===== RECORDS =====

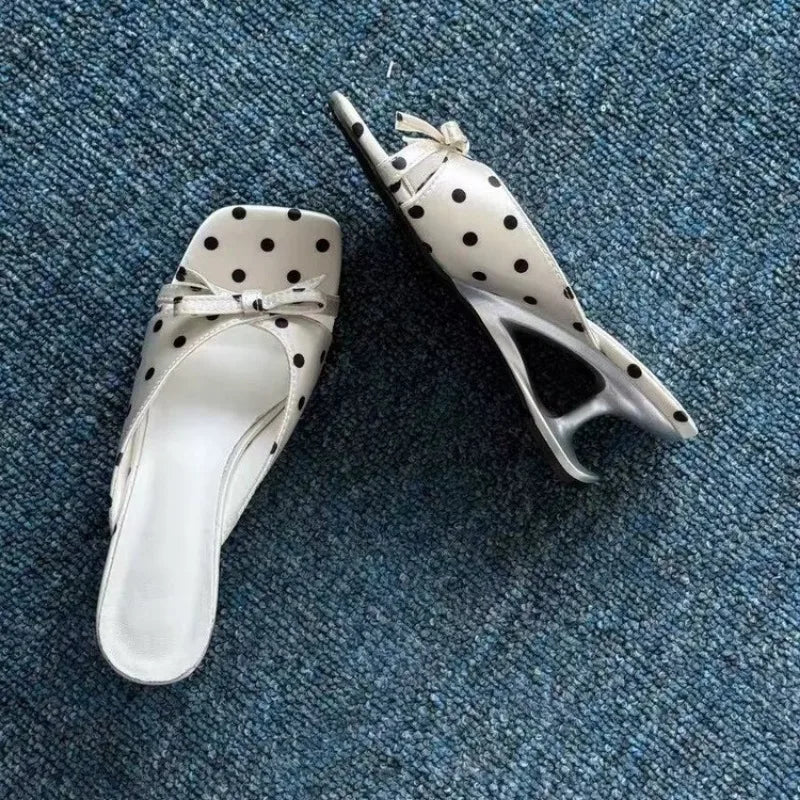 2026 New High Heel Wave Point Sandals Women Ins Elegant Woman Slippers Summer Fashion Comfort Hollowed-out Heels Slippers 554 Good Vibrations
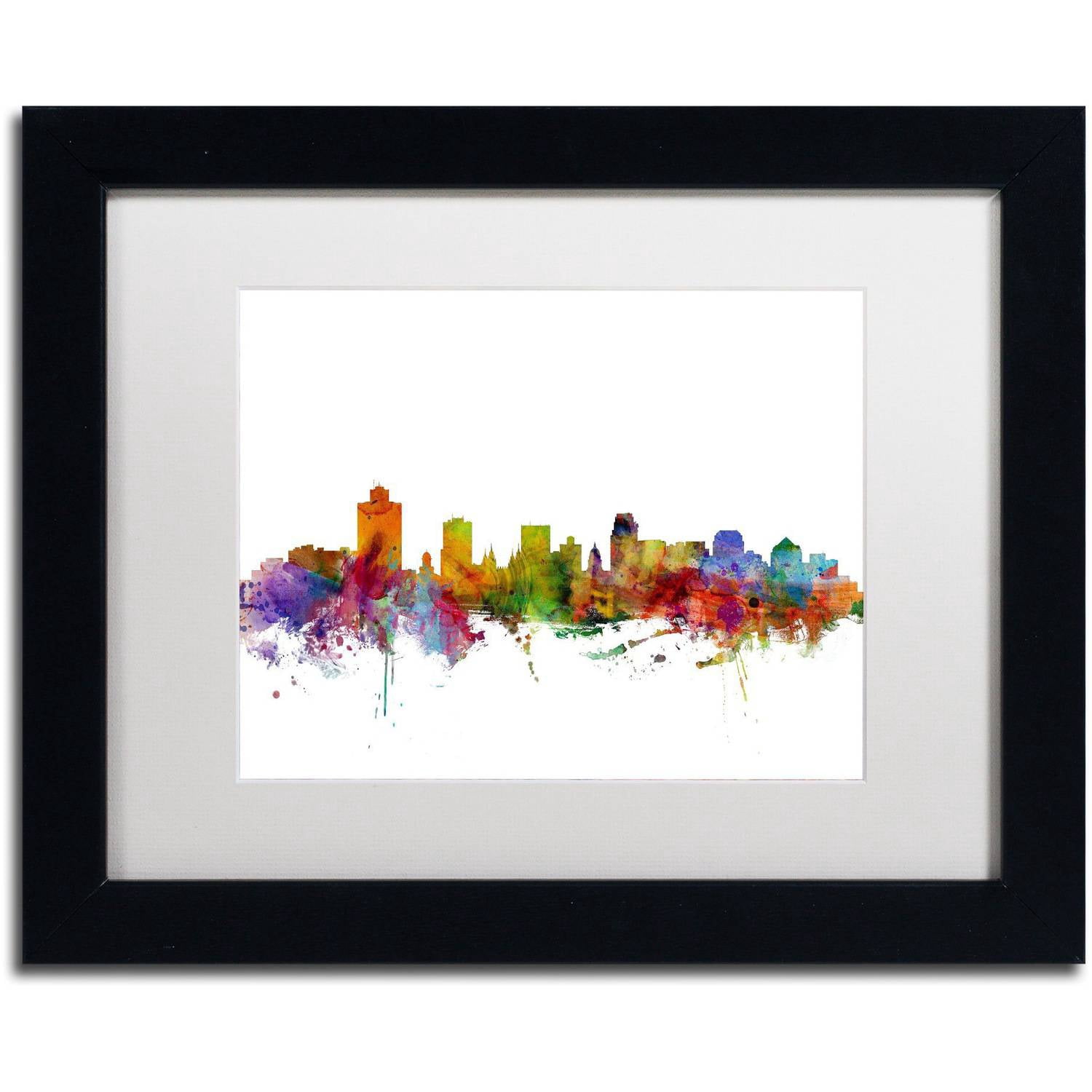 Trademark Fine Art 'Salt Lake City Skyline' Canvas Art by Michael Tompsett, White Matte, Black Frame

=====
===== RECORDS =====

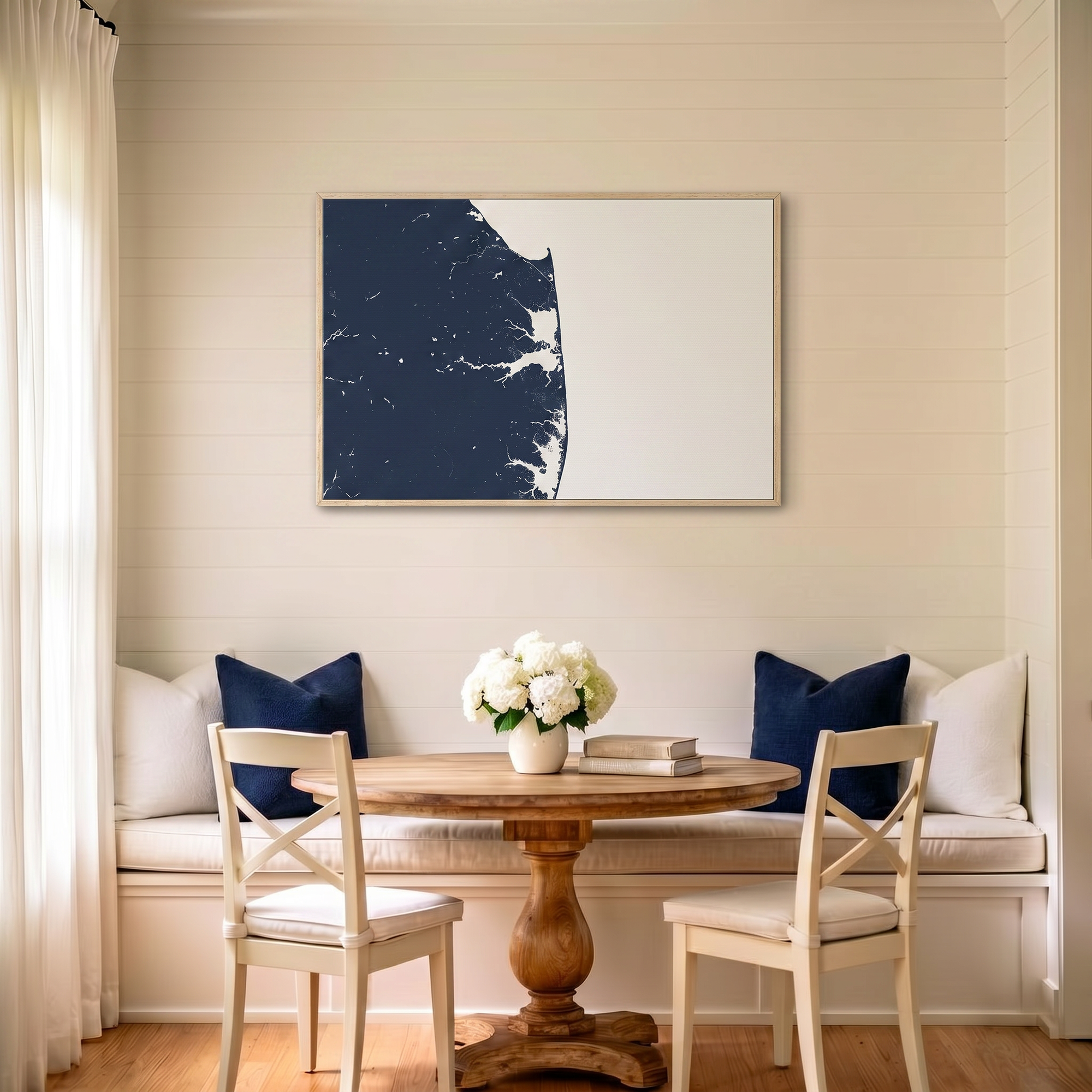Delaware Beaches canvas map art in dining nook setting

=====
===== RECORDS =====

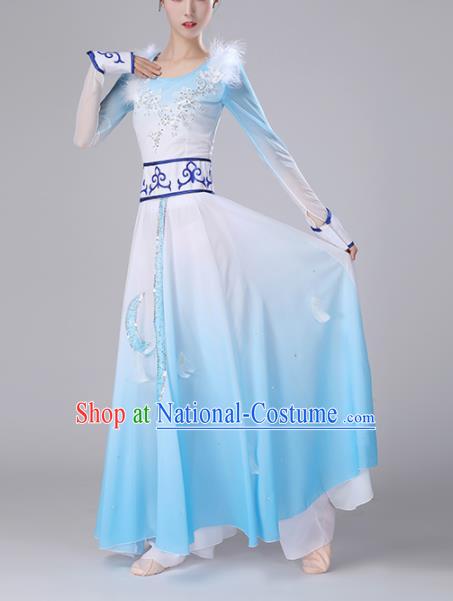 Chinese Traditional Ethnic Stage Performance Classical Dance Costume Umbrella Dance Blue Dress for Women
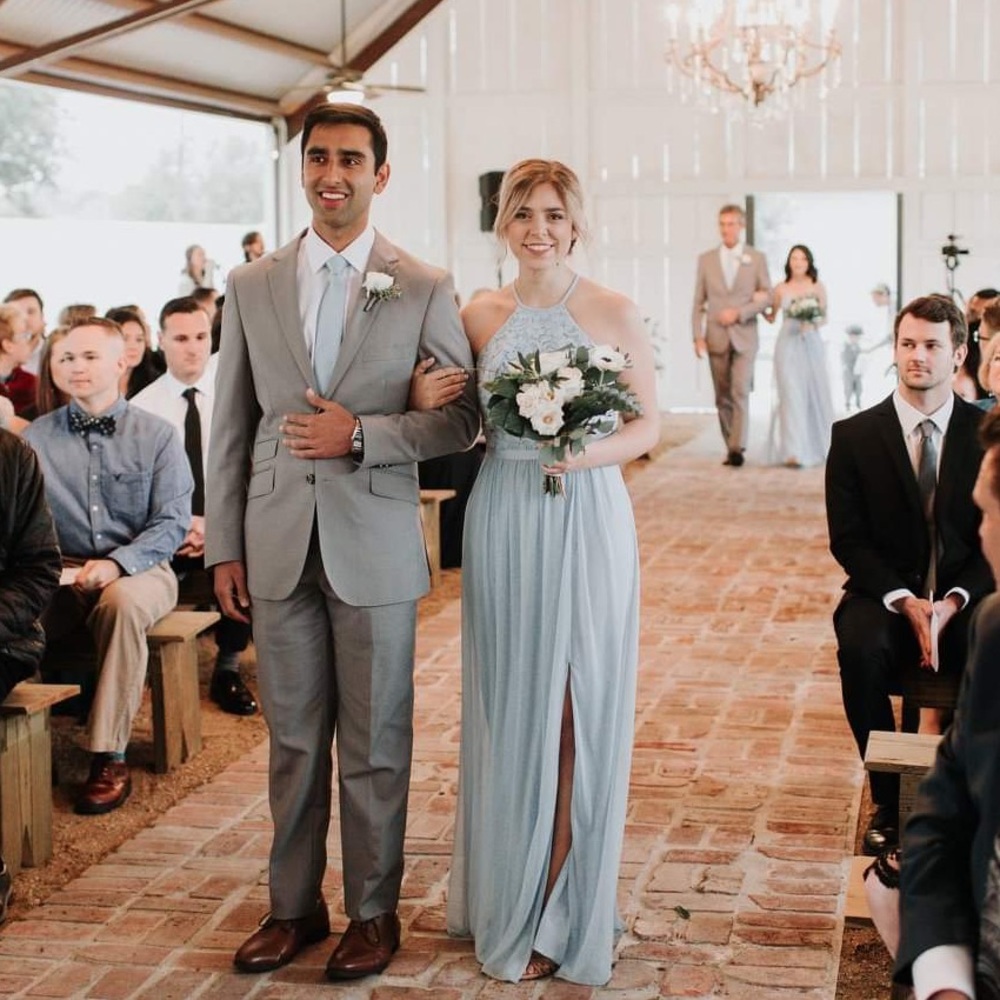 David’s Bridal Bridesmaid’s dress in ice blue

=====

Look above for the line with "2026 New High" and the line with "Trademark Fine Art", then restate exactly those two lines and all lines between them, with no pictures.

 2026 New High Heel Wave Point Sandals Women Ins Elegant Woman Slippers Summer Fashion Comfort Hollowed-out Heels Slippers 554 Good Vibrations
 Trademark Fine Art 'Salt Lake City Skyline' Canvas Art by Michael Tompsett, White Matte, Black Frame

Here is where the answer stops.